# XDM alternative



## CuddlyKittens11 (Jun 30, 2012)

I'm looking for an alternative to the X Display Manager.  Right now I have XFCE4 installed as my Window Manager; I'm wondering if I could use something like KDM or GDM without having to install the whole KDE/GNOME pacakge.  I've heard about SLiM, but haven't tried it yet.

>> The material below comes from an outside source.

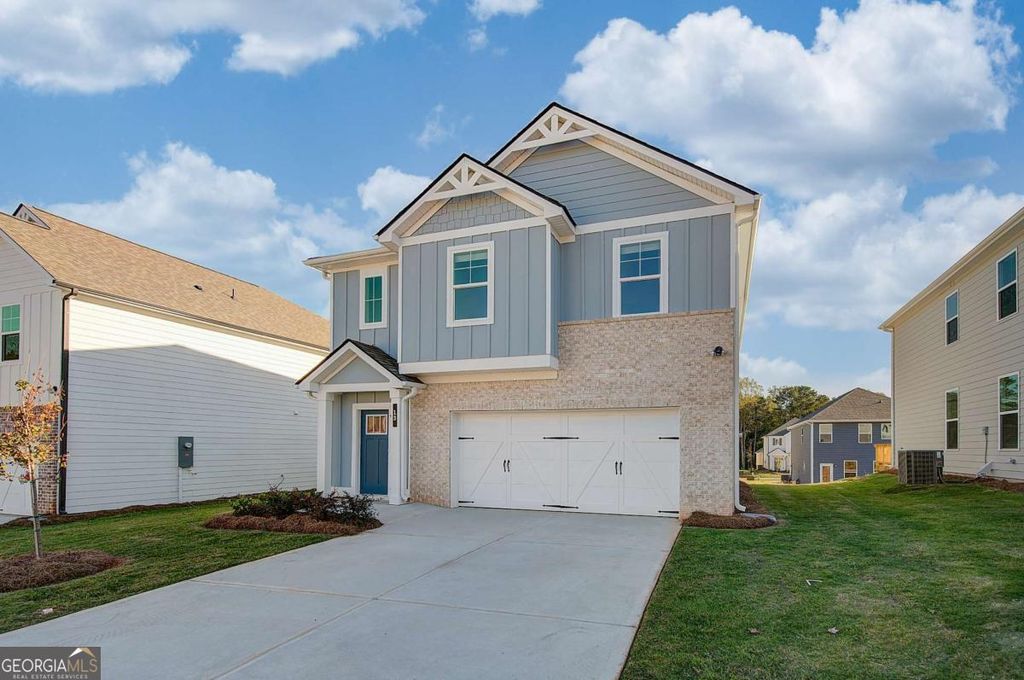 Photo of 37 Cedar Drive, Fairburn, GA 30213 (MLS # 10774256)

There is also something out there called "LightDM," and it seems interesting to me, yet I haven't seen it in the FreeBSD Ports listing.  Has anyone else here tried it out yet?


----------



## Zare (Jun 30, 2012)

SLiM or WDM (Wings Display Manager).


----------



## graudeejs (Jun 30, 2012)

x11/slim


----------



## fmc000 (Jul 1, 2012)

graudeejs said:
			
		

> x11/slim


Agreed. There is also a nice FreeBSD theme for Slim on this forum.


----------



## jrm@ (Jul 1, 2012)

I'm curious if I'm missing something.  Why do you prefer x11/slim over x11/xdm?  The latter has always worked well for me, although if you like a little more flash I can see why you would prefer an alternative.  This is my boring, but functional xdm login screen.


----------



## graudeejs (Jul 2, 2012)

jrm said:
			
		

> I'm curious if I'm missing something.  Why do you prefer x11/slim over x11/xdm?  The latter has always worked well for me, although if you like a little more flash I can see why you would prefer an alternative.  This is my boring, but functional xdm login screen.

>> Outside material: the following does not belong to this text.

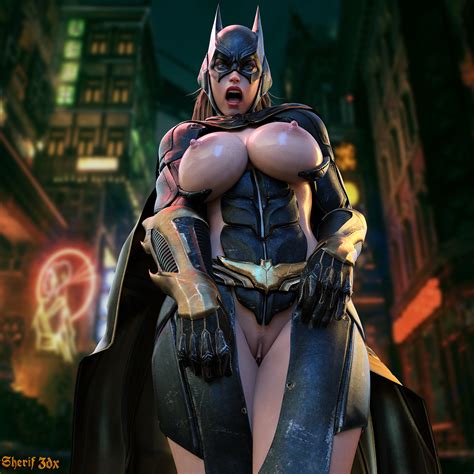 Rule 34 3d Barbara Gordon Batgirl Batman Series Breasts Dc Dc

Can you select which WM to launch with XDM? AFAIK no.
With slim, you can press f1 and depending on you slim config, you'll be able to pass string to ~/.xinitrc and run whatever you want depending on that string (which usually is the name of the WM).

*C*heck my ~/xinitrc:
https://github.com/graudeejs/dot.files/blob/master/dot.xinitrc

As a bonus it looks much nicer. Also you don't have to edit /etc/ttys to get it running.


----------



## kpedersen (Jul 2, 2012)

Plus XDM on FreeBSD seems a little broken. The password textbox only appears once the username is entered and yet the password label is always visible. Looks really naff but something to do with PAM :/


----------



## OH (Jul 2, 2012)

graudeejs said:
			
		

> Can you select which WM to launch with XDM? AFAIK no.
> (...)
> 
> Also you don't have to edit /etc/ttys to get it running.



I'm curious, why you would consider editing /etc/ttys a bad thing?


----------



## graudeejs (Jul 3, 2012)

OH said:
			
		

> I'm curious, why you would consider editting /etc/ttys a bad thing?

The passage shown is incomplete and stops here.